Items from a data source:
○ ○ ○ ○ ○ ○ ○
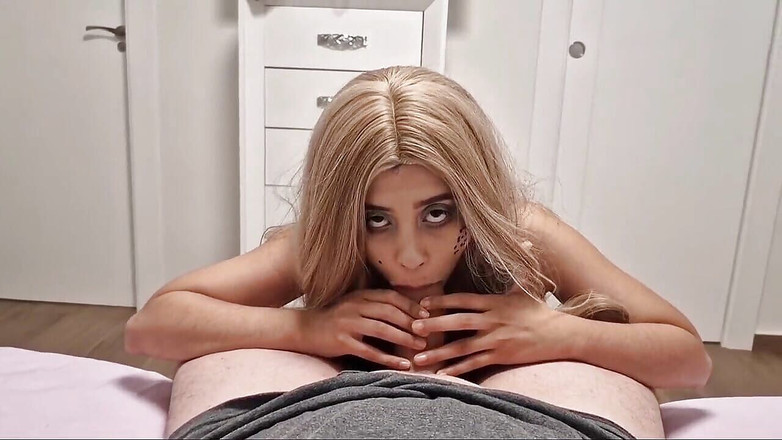 Latinascachondas: Kamu lebih suka ngentot aku sebagai cewek rambut pirang atau...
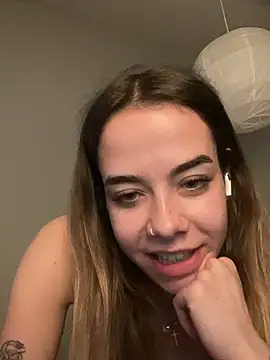 JulietSugar online show from April 7, 2026, 8:20 pm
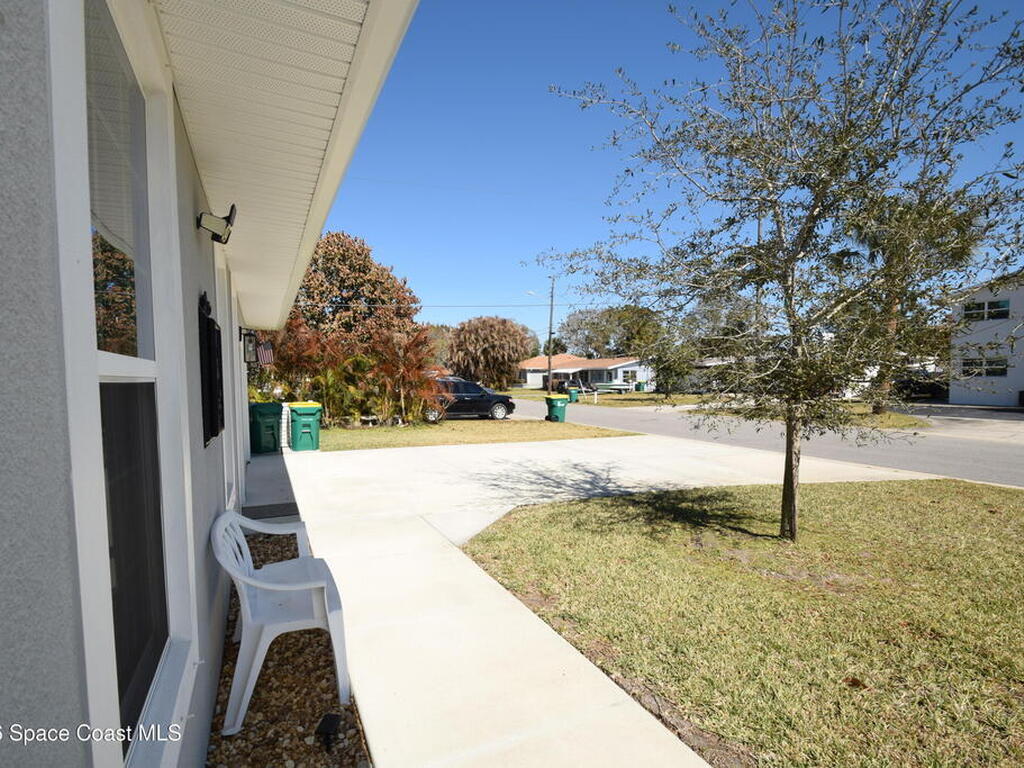 110 W Fee Avenue, Melbourne, FL 32901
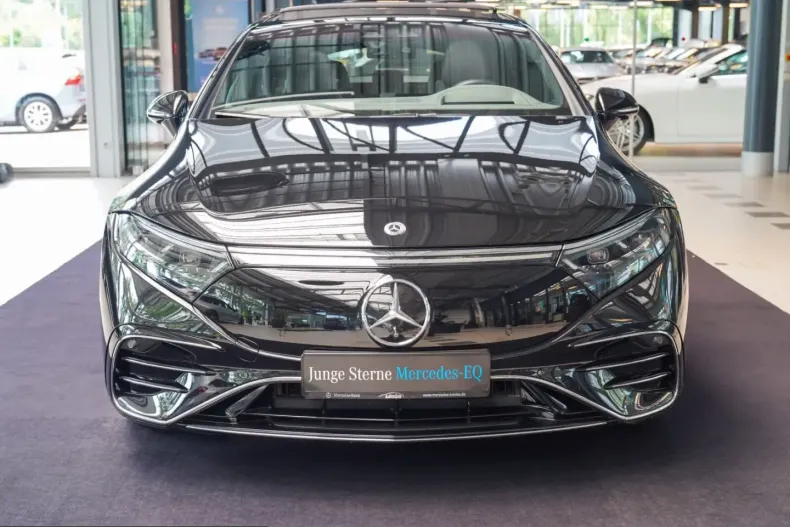 Mercedes-Benz EQS (Clasa S) din 2024 cu 9.762 km - oferta MER228231 - foto 9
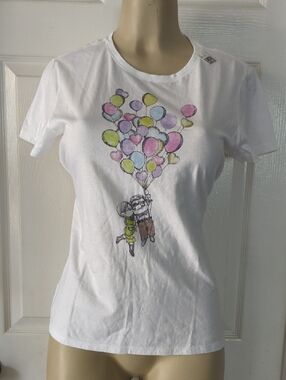 White  Women's Balloon Graphic Tee (.New No Tag.) Pit To Pit 17 Inch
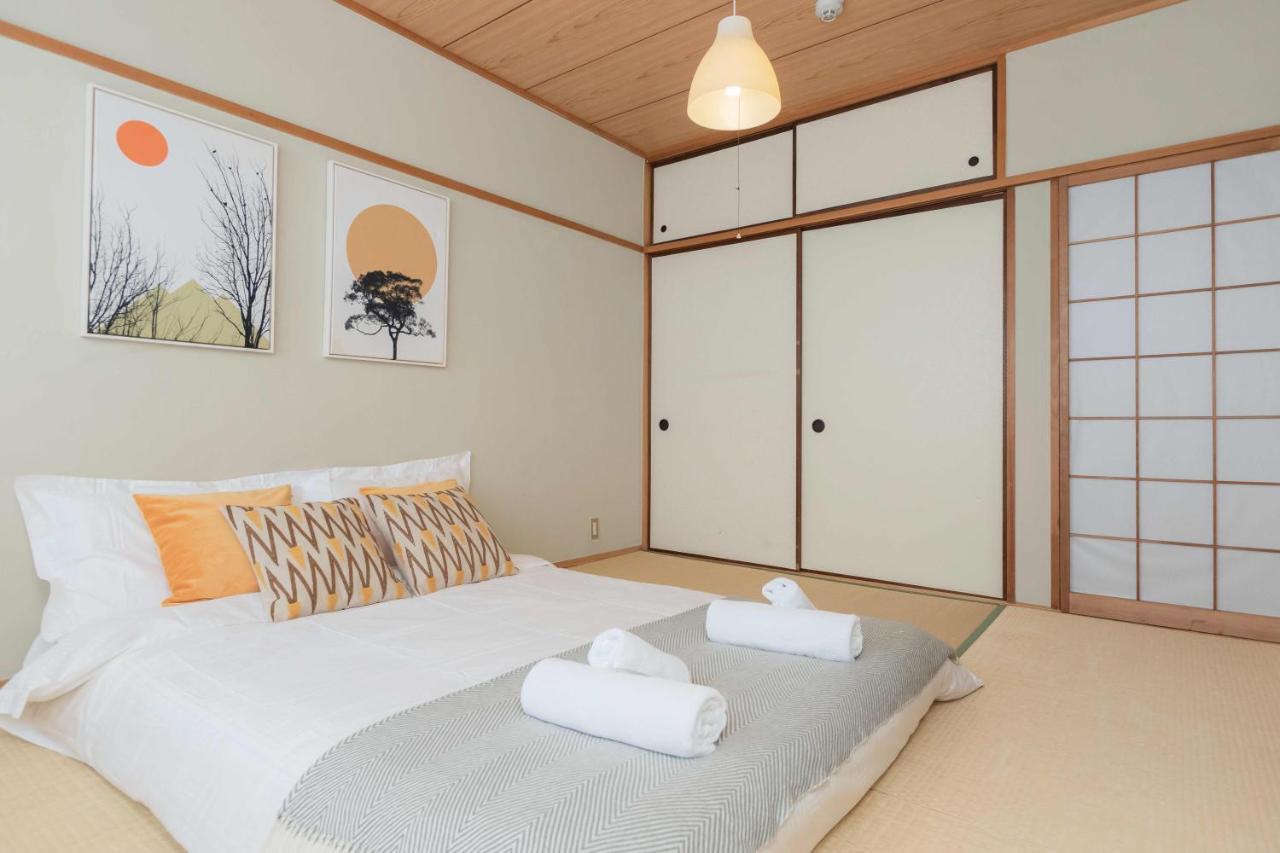 Orenge Apartment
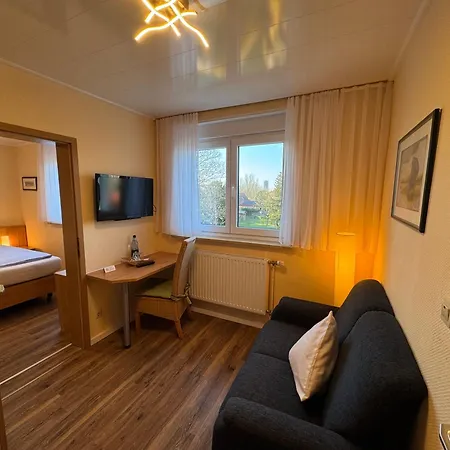 Zum Hanseaten Гостевой дом 3*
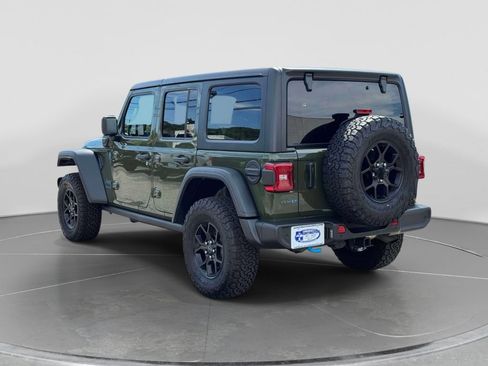 Used 2024 Jeep Wrangler Unlimited AWD/4WD image 5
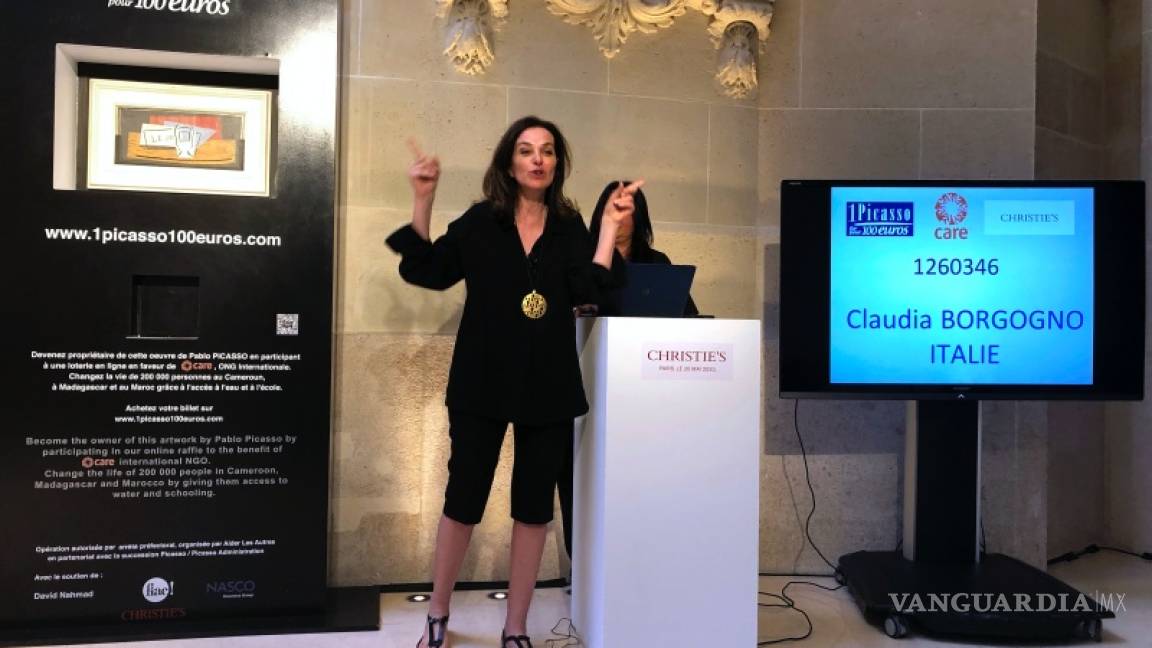 Claudia Borgogno gana en una rifa el cuadro Naturaleza muerta de Pablo Picasso valorado en 1.1 mdd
○ ○ ○ ○ ○ ○ ○
Task prompt:
From the data above, return only the lines starting at the line that holds "110 W Fee Avenue, Melbourne, FL 32901" and ending at the line that holds "Used 2024 Jeep", word for word and without pictures.

Exercise response:
 110 W Fee Avenue, Melbourne, FL 32901
 Mercedes-Benz EQS (Clasa S) din 2024 cu 9.762 km - oferta MER228231 - foto 9
 White  Women's Balloon Graphic Tee (.New No Tag.) Pit To Pit 17 Inch
 Orenge Apartment
 Zum Hanseaten Гостевой дом 3*
 Used 2024 Jeep Wrangler Unlimited AWD/4WD image 5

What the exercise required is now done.